- John Wilenchik
- Phoenix, AZ
- United States
What if galaxies are "atoms," and stars are "light"?
What if galaxies "emit" and "absorb" stars, just like atoms emit and absorb light? Are stars being "absorbed" in black holes? Isaac Newton's theory of light was that it is made of little bodies, or "corpuscular." Could he be right? And if stars were "light," does that mean that light is actually made of little "stars"? If light is not actually a wave, then the interpretation of redshift as a Doppler shift, and therefore the theory of a Big Bang, is without foundation.
Lord Kelvin and J.J. Thomson originally proposed a "vortex" model for the atom, and galaxies exhibit spiral structures. Is the "vortex" model correct, and do atoms and galaxies share it?
Here's a test. What if the color of a star is also its color of "light"? In other words, what if big blue stars are also high-energy blue "light"? An atom only emits particular colors of light, known as atomic spectra. If you tally all the colors of star in a particular galaxy, does it match atomic spectra?
The evidence says "yes." Many galaxies share a unique "bimodal" distribution of star colors.
Here's another test. Atoms have discrete numbers of neutrons, which when ejected from the atom become protons, or atoms of hydrogen. Different elements have different mass, or "size," and "larger" elements can be identified by their increasing number of neutrons. Larger galaxies have been found to contain smaller galaxies in very close proximity, which are known as "dwarf galaxies." What if "dwarf galaxies" are "neutrons"? Then the number of "dwarf" galaxies "inside" a large galaxy should match the number of neutrons in an element. In addition, larger galaxies form small groups, such as the Local Group or M81 Group. The positions of galaxies in a group should match the geometry of atoms in a molecule containing the same "elements" that are identified from counting their dwarf galaxies.

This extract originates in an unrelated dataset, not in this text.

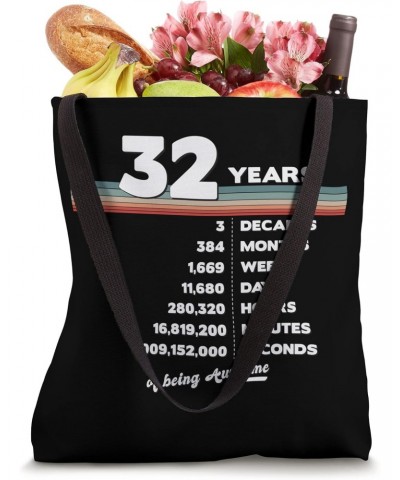 32nd Birthday Vintage 32 Years Old Retro 384 Months Weeks Tote Bag $10.53 Totes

In fact, the Milky Way has around 20 identified dwarf galaxies inside it, and the nearest large galaxy Andromeda has around 14 nearby.
Closing Statement from John Wilenchik
This is a radical theory that would undermine a great deal of convential theoretical physics. On the other hand, it may lead to a comprehensive explanation for phenomena as diverse as spiral galaxies, large scale galaxy structure (the "cellular" distribution of galaxies), and the bimodal or trimodal distribution of colors of stars, for which current physics and cosmology have no single explanation. It may also lead to a greater understanding of atomic physics and the structure of atom, based on observations of galaxies and other celestial bodies. It may allow us to "see" atoms, which atomic physicists have only dreamed of.
The easiest way to start with a proof of this theory is to disprove the theory of a Big Bang, by testing whether spectra actually Doppler shift. If spectra do not actually Doppler shift, then there is no basis for the theory that the redshift observed in nearly every galaxy is caused by movement away from from the earth. High-resolution spectroscopy should be performed on a planet in our solar system with a high radial velocity with respect to the earth, e.g. Mercury, such that a spectral shift could theoretically be detected. My prediction is that Mercury's spectra will not shift as its radial velocity changes, or at all, because spectra do not Doppler shift. This is in turn because light is "corpuscular," as Newton believed, and not wavelike, and in fact light may be composed of little "stars."
I personally cannot conscience the belief that nearly every galaxy in the universe is moving away from the earth. To me the "Big Bang" theory is, if nothing else, a fatally terracentric theory, which may one day be viewed with as much credibility as we view the early theories that planets revolve around the earth. I do not believe that the earth or our galaxy is at the center of the universe, or that the universe has a "center," because it is infinite. Like the "little old lady" in a Brief History of Time, I believe it's "Galaxies All the Way Down."